As I see it, the result is rather establishing a very fundamental property pertaining to the expressive power of a mechanism, and it can be useful also in practice.
For instance, I have many potential applications of Turing complete formalisms, because I am interested in results of arbitrary computations. The result obtained in the article means that I can use a Neural Network to obtain this, under the conditions outlined in the article, and in the way shown in the article.
This may simplify software architectures, especially in situations where Neural Networks are already applied, and additional mechanisms would otherwise be needed to cover arbitrary computations.
Something being Turing Complete just that means in principle it could be used to solve any computation problem. But this may require infinite memory or infinite time.
The paper showed that Transformer with positional encodings and rational activation functions is Turing complete.
Rational activation functions with arbitrary precision make sure that you are in the smaller countable infinities, where floats run into that cardinality of the continuum problem.
While all nets that use attention are feed forward and thus effectively DAGs, they add in positional encodings to move it from well-founded to well ordered.

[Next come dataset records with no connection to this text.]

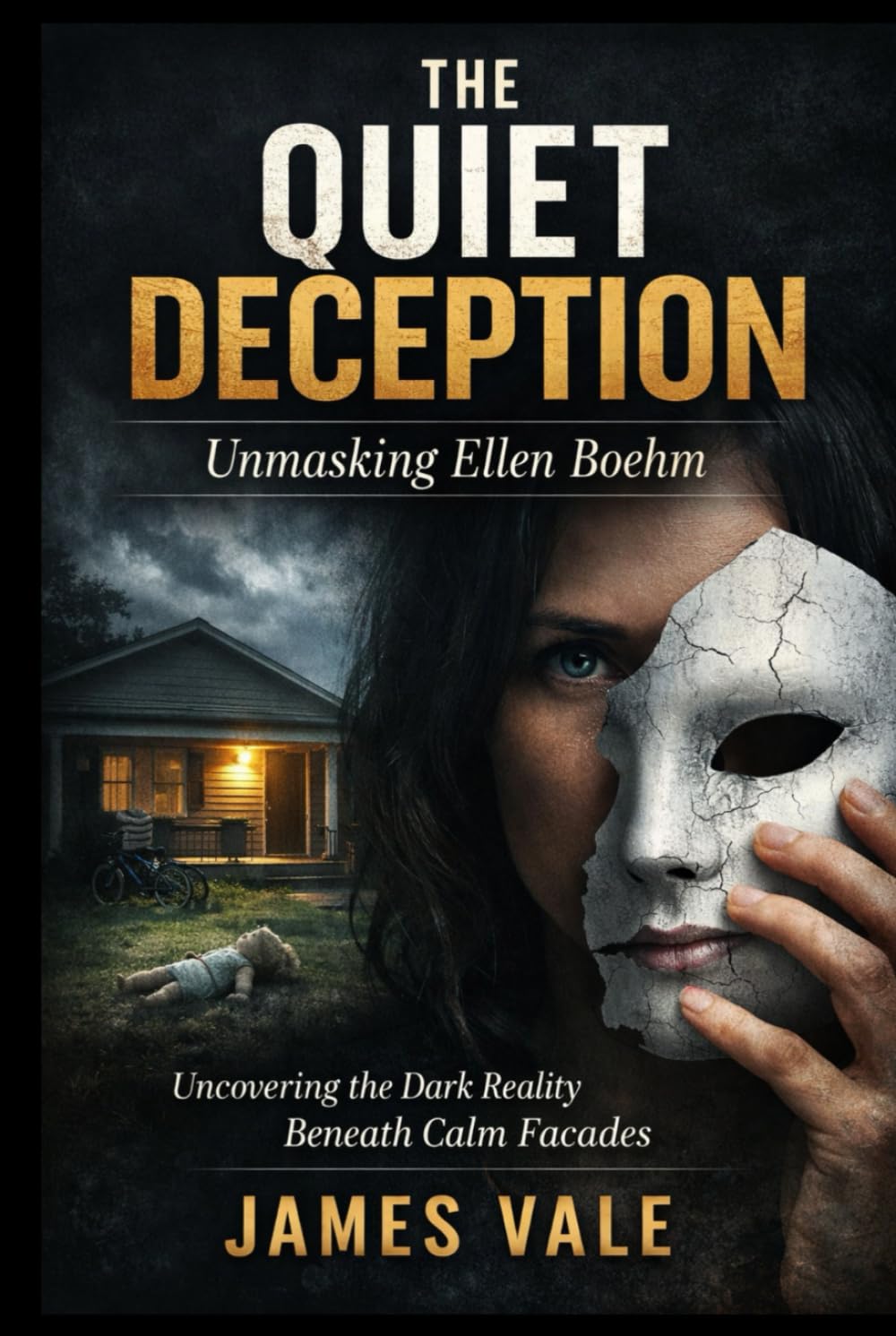 The Quiet Deception: Unmasking Ellen Boehm: Uncovering the Dark Reality Beneath Calm Facades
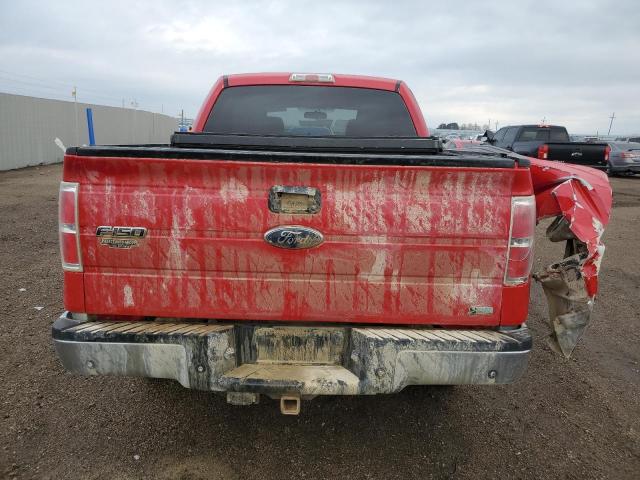 2010 Ford F150 Supercrew VIN: 1FTFW1EV6AFC78340 Lot: 47526454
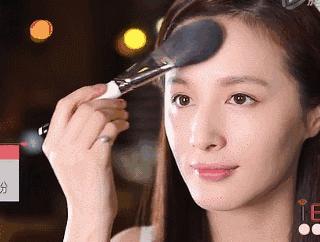 化妆往脸上乱涂,化妆的正确步骤bb霜前面用什么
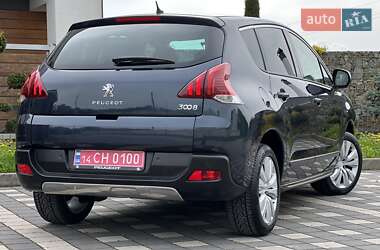 Внедорожник / Кроссовер Peugeot 3008 2015 в 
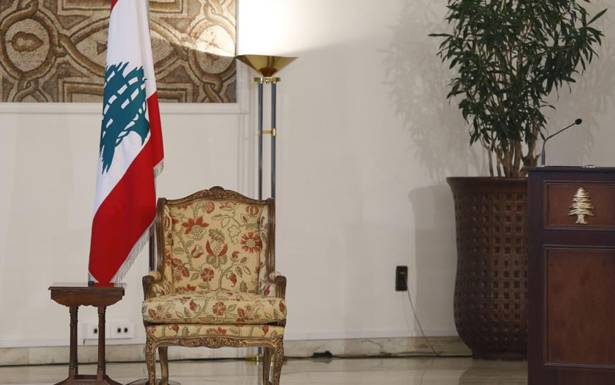 رئاسة الجمهوريّة...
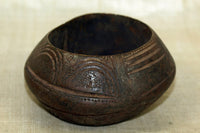 Heavy Antique Bronze Bracelet from Dogon Tribe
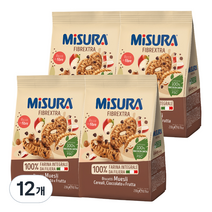 미주라 뮤즐리 비스켓, 230g, 12개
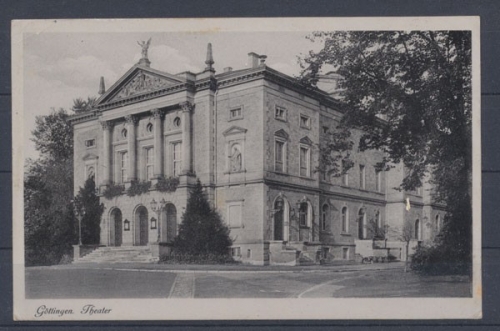 Göttingen, Theater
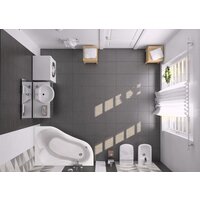 Santek Ибица XL 160x100 L (1WH112036) Image #6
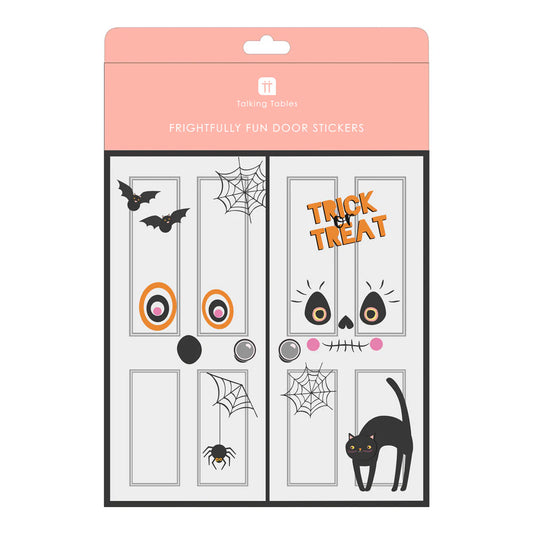 Autocolantes para portas - Halloween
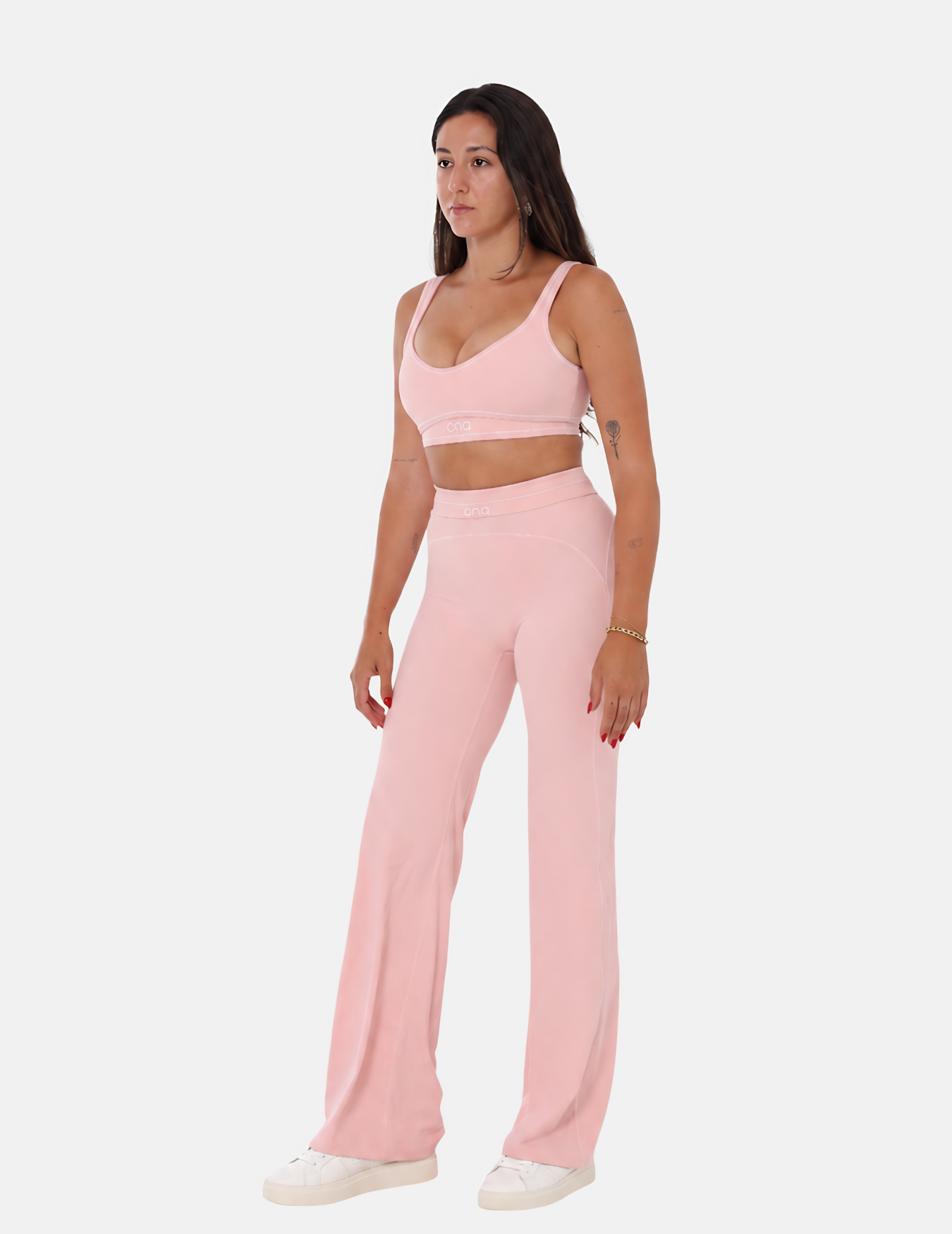 Signature Contour Flare Leggings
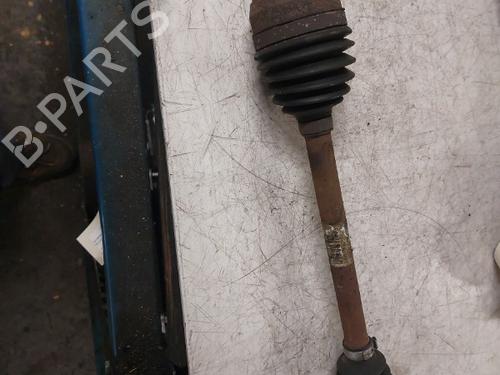 Used Left front driveshaft RENAULT CLIO III (BR0/1, CR0/1) 1.5 dCi (88 hp) 19901010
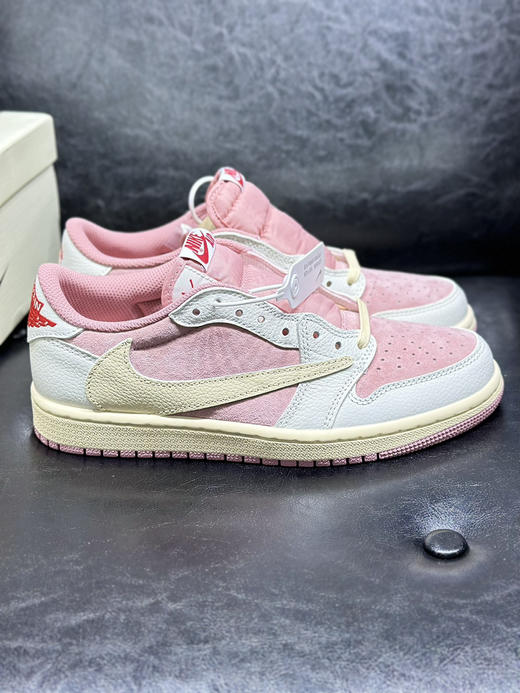 秋冬特惠💰430 公司级 # Air Jordan 1 Low 防滑 低帮 倒钩联名款 商品图2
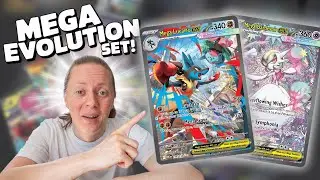 Mega Evolution Pok&eacute;mon TCG Set Launch &ndash; Full Analysis & Top Cards (2025)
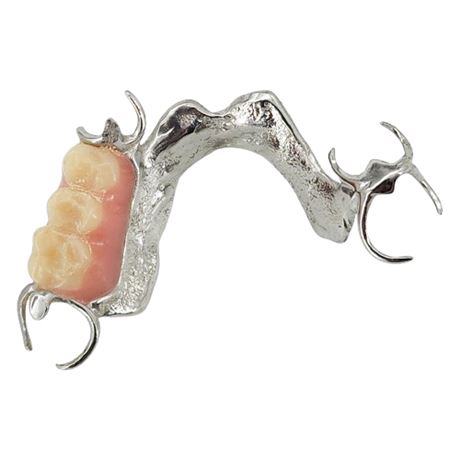 Vintage Dental Partial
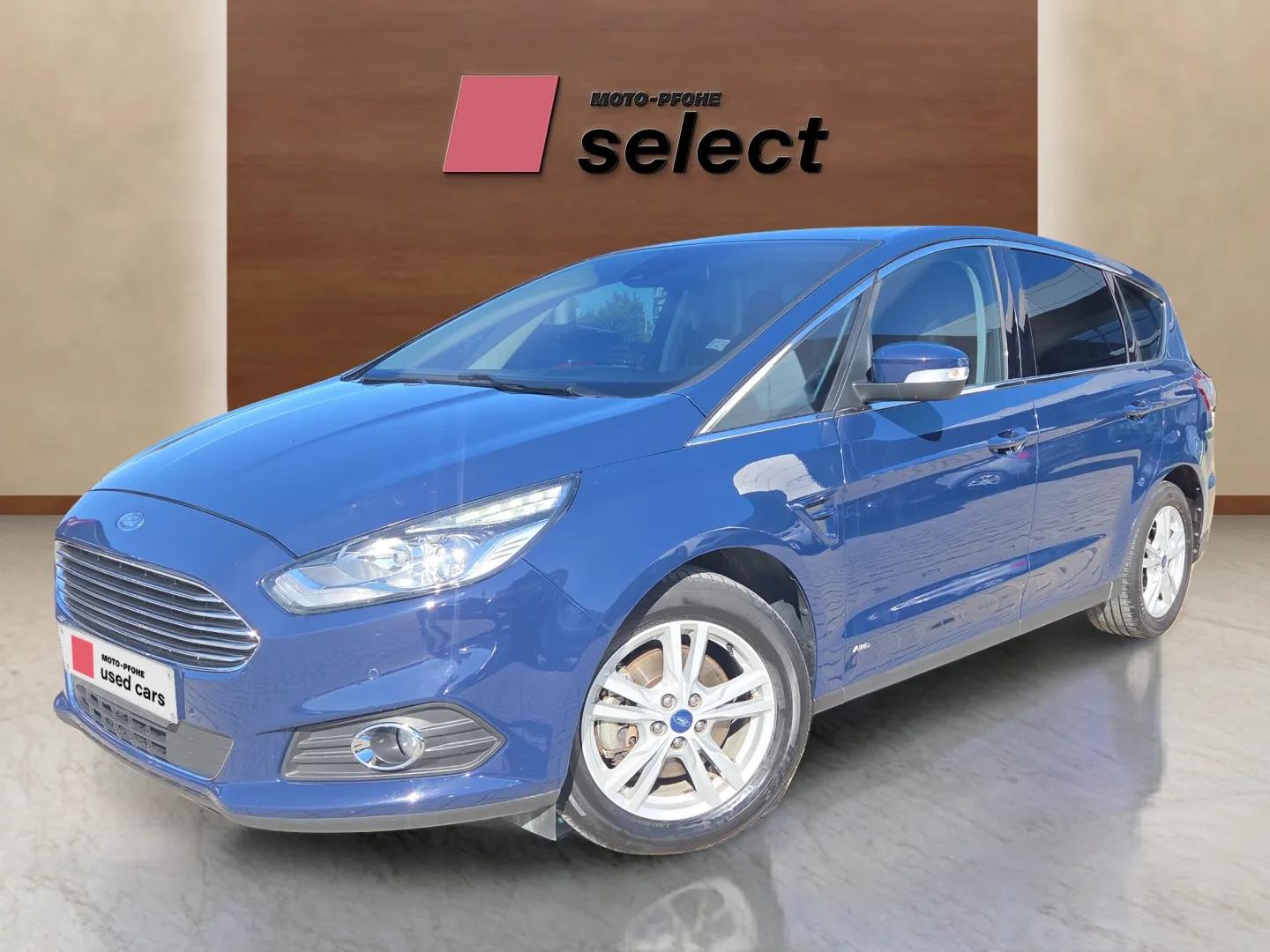 Ford S-Max употребяван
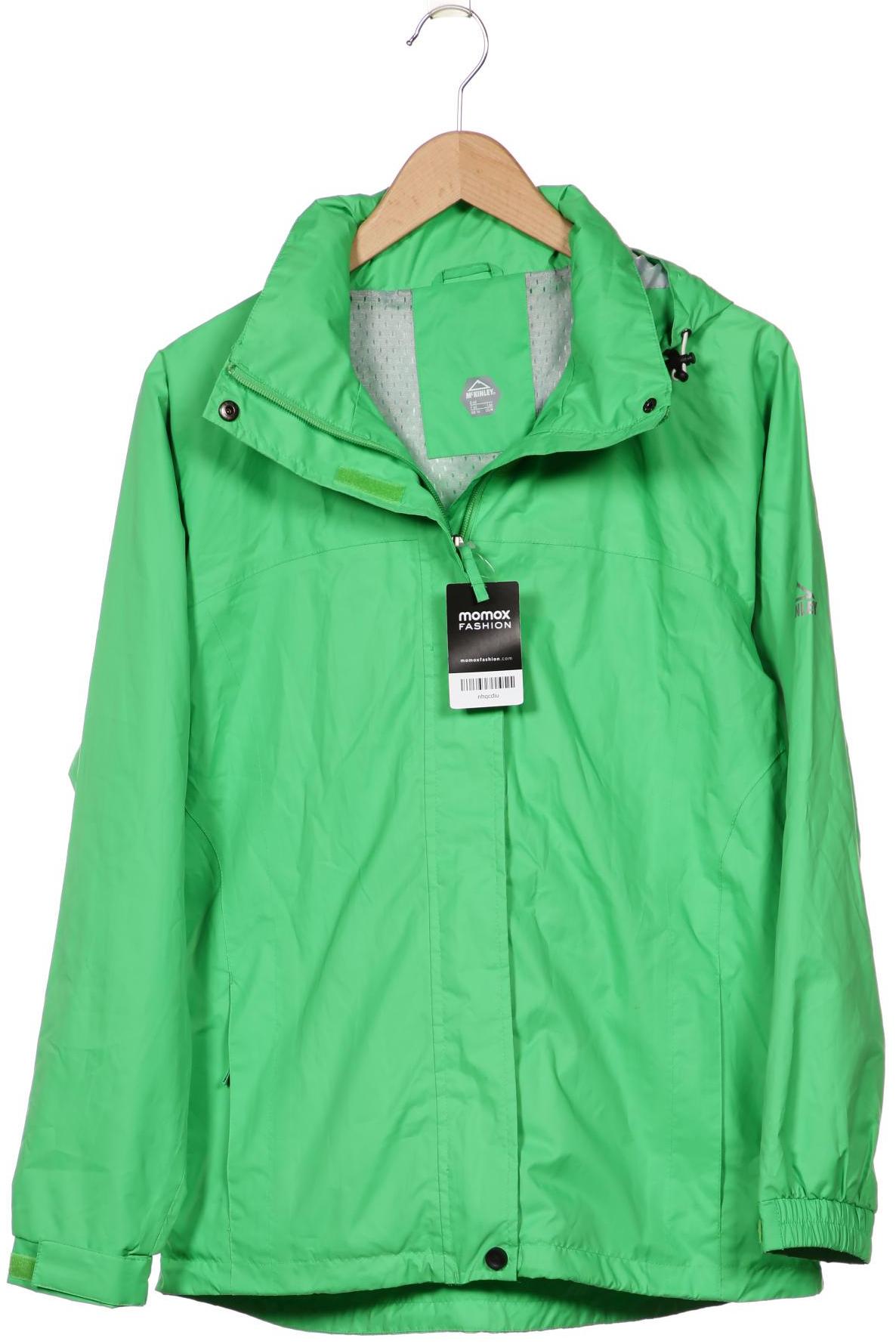 

McKINLEY Damen Jacke, grün, Gr. 40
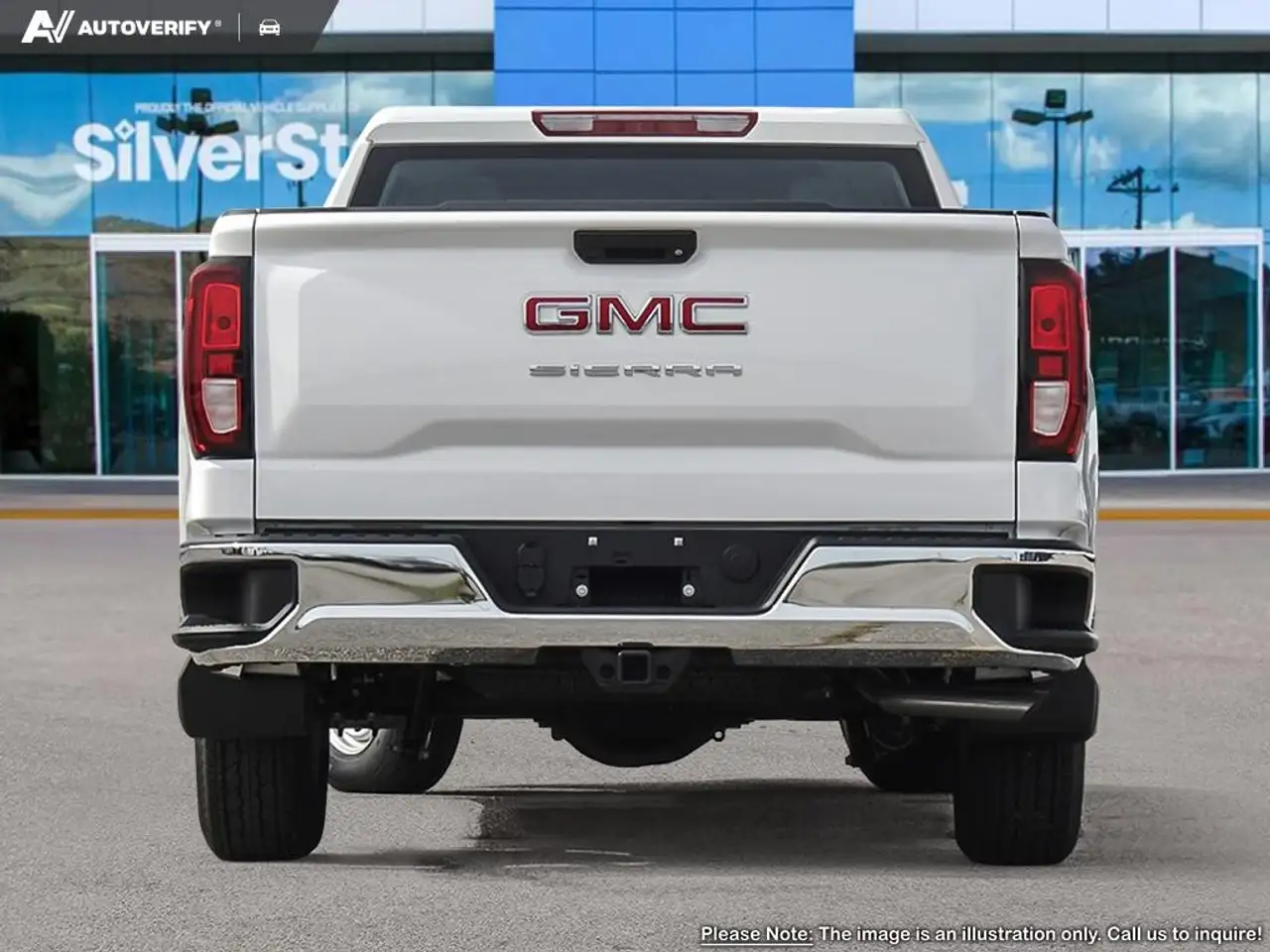 GMC Sierra 1500 fotografie GMC Sierra 1500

While those constraints allow the authors to make their claims in this paper, they also have serious implications for real world use as rational activation functions are not arbitrarily precise in physically realizable machines in finite time and you will need to find a well-ordering of your data or find a way to force one one it which is not a trivial task.
So while interesting, just as it was interesting when someone demonstrated sendmail configurations were Turing complete, it probably isn't as practical as you seem to think of it.
As attention is really runtime re-weighting and as feed forward networks are similar to DAGs it is not surprising to me that someone found a way to prove this, but just as I am not going to use the C preprocessor as a universal computation tool as it is also TC, I wouldn't hold your breath waiting for attention to be a universal computation tool either.
I'm not going to engage with this directly, but for any other readers passing through - this is nonsense. One more drop in the flood of uninformed AI noise that's been drowning out the signal.
Choose the sources you trust very carefully, and look to the people actually working on real-world AI systems, not the storytellers and hangers-on.
For instance, I have many potential applications of Turing complete formalisms, because I am interested in results of arbitrary computations. The result obtained in the article means that I can use a Neural Network to obtain this, under the conditions outlined in the article, and in the way shown in the article.
This may simplify software architectures, especially in situations where Neural Networks are already applied, and additional mechanisms would otherwise be needed to cover arbitrary computations.